July 18 Roundtable - APAC participants

Industry trends

  • Overview: composable, cloud database, advertising integration, cookie deprecation, privacy & compliance, vertical industry CDPs, AI
  • Seeing lots of requests for clean room and consent management, and how CDPs can merge those to streamline work for customers. Some parts of consent can be managed in CDP, others should be in separate platform. Privacy is often first use case.
  • Among companies with CDP already deployed, often see extension beyond marketing to other departments. CDP often leads to teams within marketing working together that before kept separate.
  • When a new CDP is deployed, people become aware of it organically and through analytic reporting that uses CDP data.
  • Cloud databases and composable CDPs introduce new buyer personas from IT and CTOs, who have different use cases and technical concerns from marketers. 

Other items

  • Understanding of CDP is relatively low in SouthEast Asia (SEA), compared with Australia, India and Japan.
  • Composable is mostly raised by IT teams, who are looking for easiest path to moving data from one platform to another, without understanding the strategy behind the CDP project. Applies to both small and large organizations. Companies like Salesforce with a lot of installed products can co-exist with composable.
  • Companies can easily identify many use cases for a CDP. Vendors spend time helping them to prioritize. The sales process is sometimes slowed because buying teams are overwhelmed by the number of use cases.
  • Greatest interest among marketers is performance marketing use cases, where results can be directly measured, such as data activation, segmentation, and pipeline-to-paid. This is limiting because there are so many other use cases that don’t have immediate results, such as brand building.
  • Advertising is often an early use case, since simple things like suppression and lookalike audiences from CDP can generate immediate, measurable result.
  • It’s usually easy to build a use case for CDP looking at almost any part of the lifecycle, from acquisition through churn reduction.
  • Confusion about CDP definition can slow down sales, because there are so many different vendors that are hard for buyers to differentiate. The products have changed over time, starting from data capture and now moving to integration with cloud data warehouses and activation in multiple engagement channels, including those outside of marketing.
  • It’s not clear whether growth in composable and cloud databases has caused a drop-off in selling stand-alone CDPs. CDP Institute industry update report shows that growth has definitely slowed in the past 18 months, but we don’t know the reason.
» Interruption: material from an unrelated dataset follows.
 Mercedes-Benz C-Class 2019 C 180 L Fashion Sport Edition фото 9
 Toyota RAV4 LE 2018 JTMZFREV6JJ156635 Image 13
The slowdown might just mirror the general tech employment slowdown post-covid, and it’s possible that the companies buying composable and cloud databases would have built their own solution anyway, so they were never the companies fueling growth of stand-alone CDP.
  • Composable in APAC is having more of an impact in the small to medium sector than with big enterprises.
  • AI requires higher data quality.
  • Companies feel competitive pressure to invest in AI but are moving slowly, in part due to privacy and security concerns. CDP vendors have added both predictive and generative AI to their systems. Predictive AI deployments are much further along and we’re now seeing initial deployments of generative AI.
  • Generative AI is being used to automate existing tasks but not yet to transform tasks. Expect to see more impact next year in terms of benefiting system users, developers, and ultimately at touchpoints where it will change the customer experience itself.
  • Generative AI will eliminate some jobs and create others, probably for a net positive impact. People can view AI as a centaur that helps them do their work or a cyborg that takes over their job completely. There are many issues to work out from an enterprise perspective before generative AI becomes widely adopted.